In his exhibition, his range of work expressed the resistance against apartheid in his famous June 16 1976 images and the harshness of life under that regime, where the human spirit somehow managed to thrive.

Mzileni had covered the June 16 riots as a 34-year-old Drum magazine photographer and was right in the thick of the tear gas.


His work in music, especially in documenting local jazz and even sport, which he was lauded for, was also exhibited.

Mzileni, who turned 80 on January 16, was presented with flowers by notable journalists who organised his birthday party at Nikki’s Oasis Jazz Restaurant in Newtown. 

While he hobbled on to the stage with his walking stick during his birthday party – he was feeling poorly that day – the passion and fire in his voice when he spoke about journalism, as well as his recollections of the hostile environment the former generation worked under, and what he achieved despite all that spoke of a man with no regrets. 

His purpose was shaped through a camera lens.

Mzileni, one of the last surviving Drum-era journalists, is also credited as being one of black journalism’s pathfinders.

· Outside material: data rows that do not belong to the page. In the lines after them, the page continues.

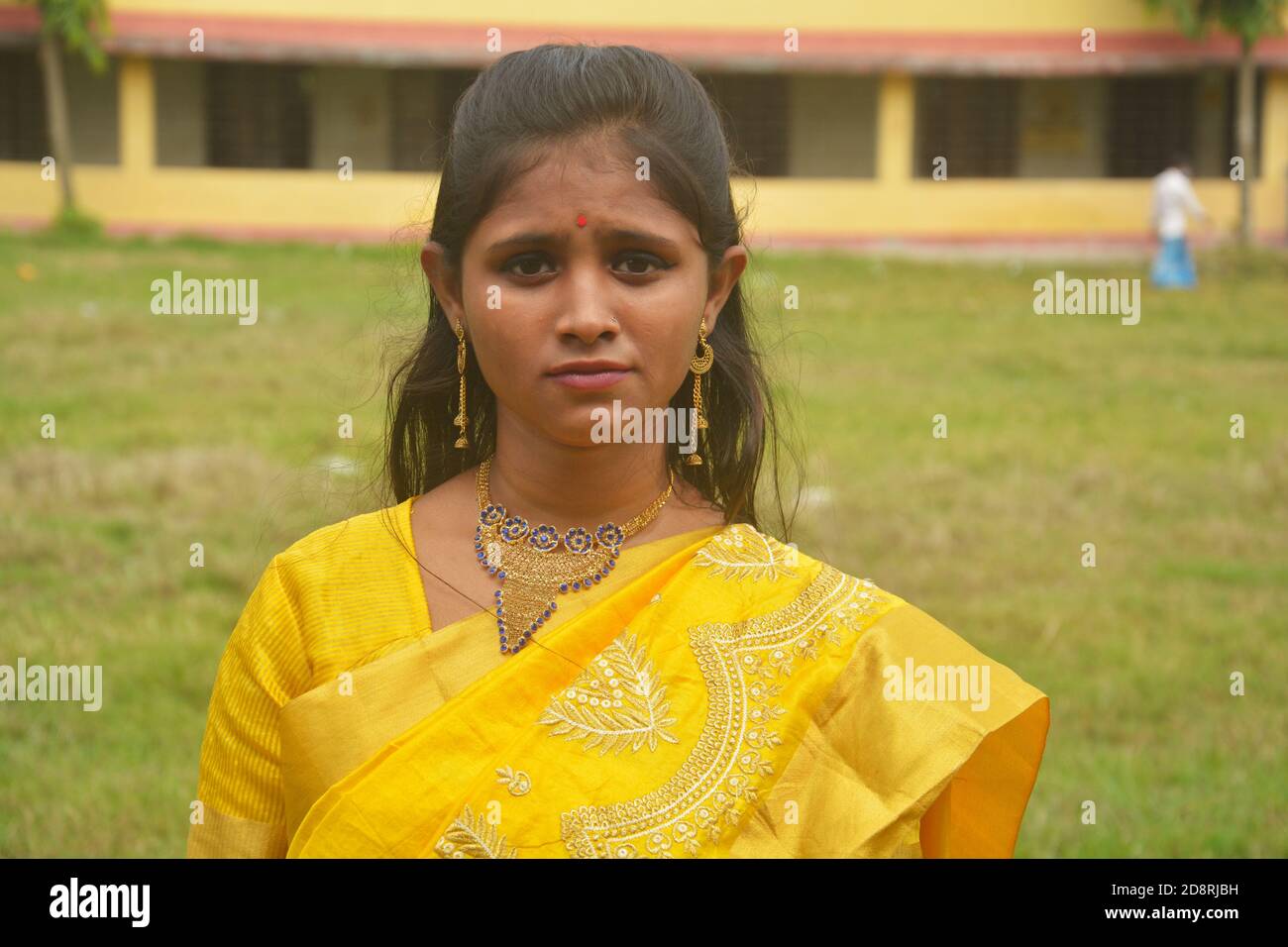 Close up of  an Indian Bengali teenage girl with long dark hairs wearing traditional yellow saree with bangles hand bag and jewelry nose ring, earring Stock Photo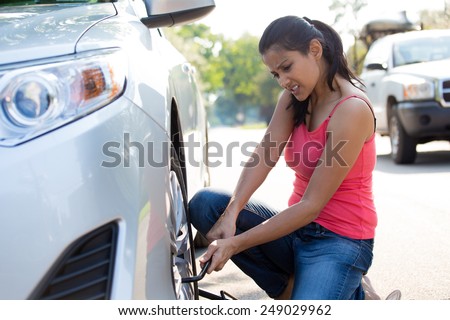 Closeup portrait, young woman in pink tanktop and blue jeans fixing flat tire with jack and tire iron, isolated green trees and road outside background. Roadside assistance concept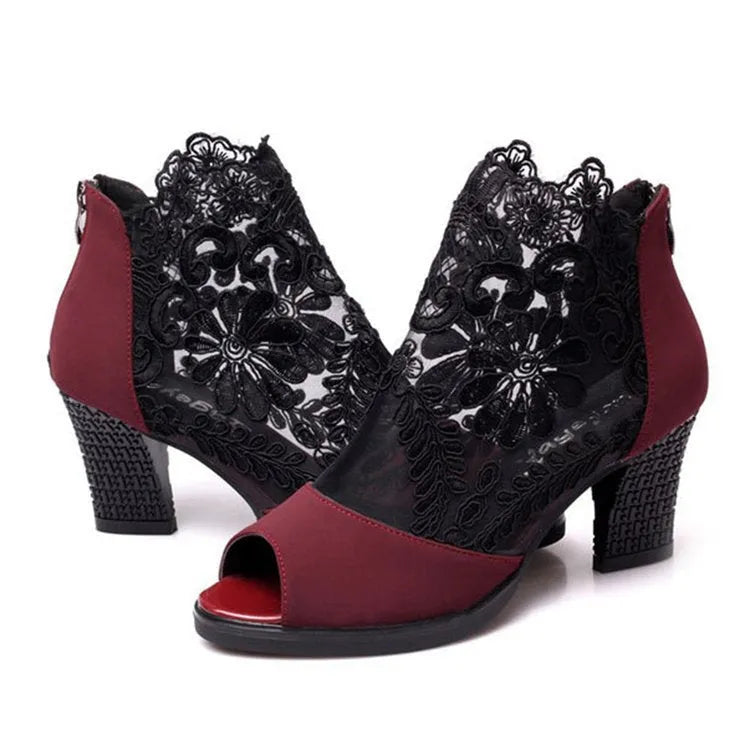 Black women's gladiator sandals with floral lace upper, square high heel, peep toe, and zip closure.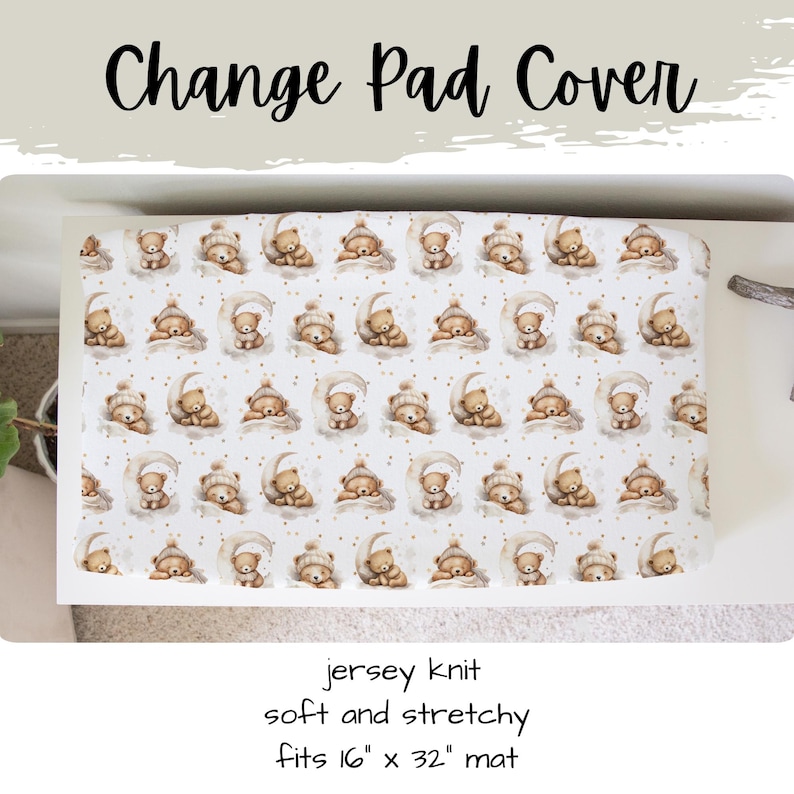 May include: A white change pad cover featuring a pattern of sleeping teddy bears on crescent moons. The text "Change Pad Cover" is at the top. The cover is jersey knit and fits a 40.6cm x 81.3cm mat.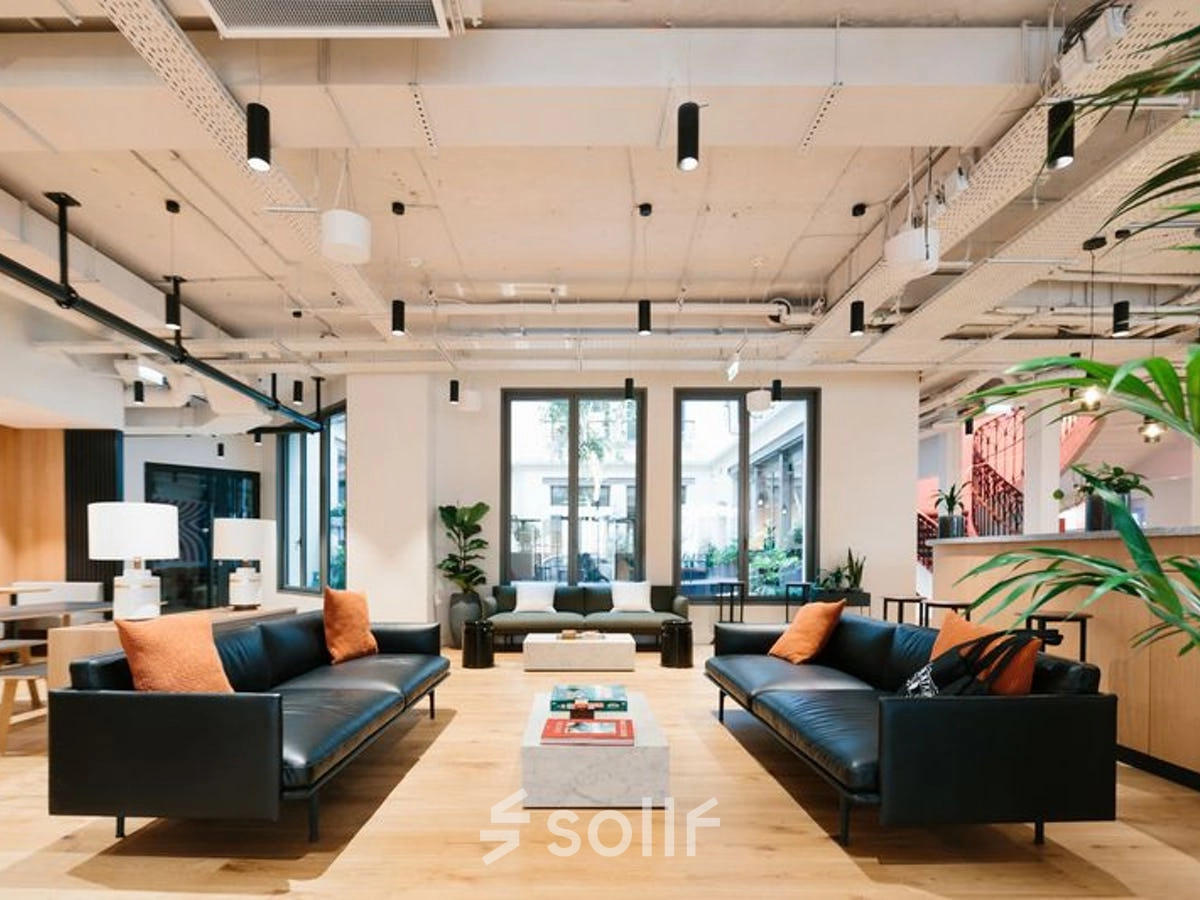 Modern furnished office space with stylish seating at Krakowskie Przedmieście 13, ideal for rent office space in Warsaw Śródmieście.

His notable oeuvre in music is also documented in two books called A Common Hunger to Sing by veteran writer ZB Molefe published in 1997, which paid homage to 50 women jazz singers from 1950 to 1990, and All that Jazz: A Pictorial Tribute – Mike Mzileni.Mzileni worked for various publications during his career, including The World, the Sunday Express, the Rand Daily Mail and the Sunday Times, with his last media role being the picture editor at City Press from 1982 until his retirement in 2000.

He is survived by his sister, Noma Mokoena, wife, Antoinette, two children, Nandi and Kwame, and four grandchildren. The family will announce the memorial service and funeral details in due course.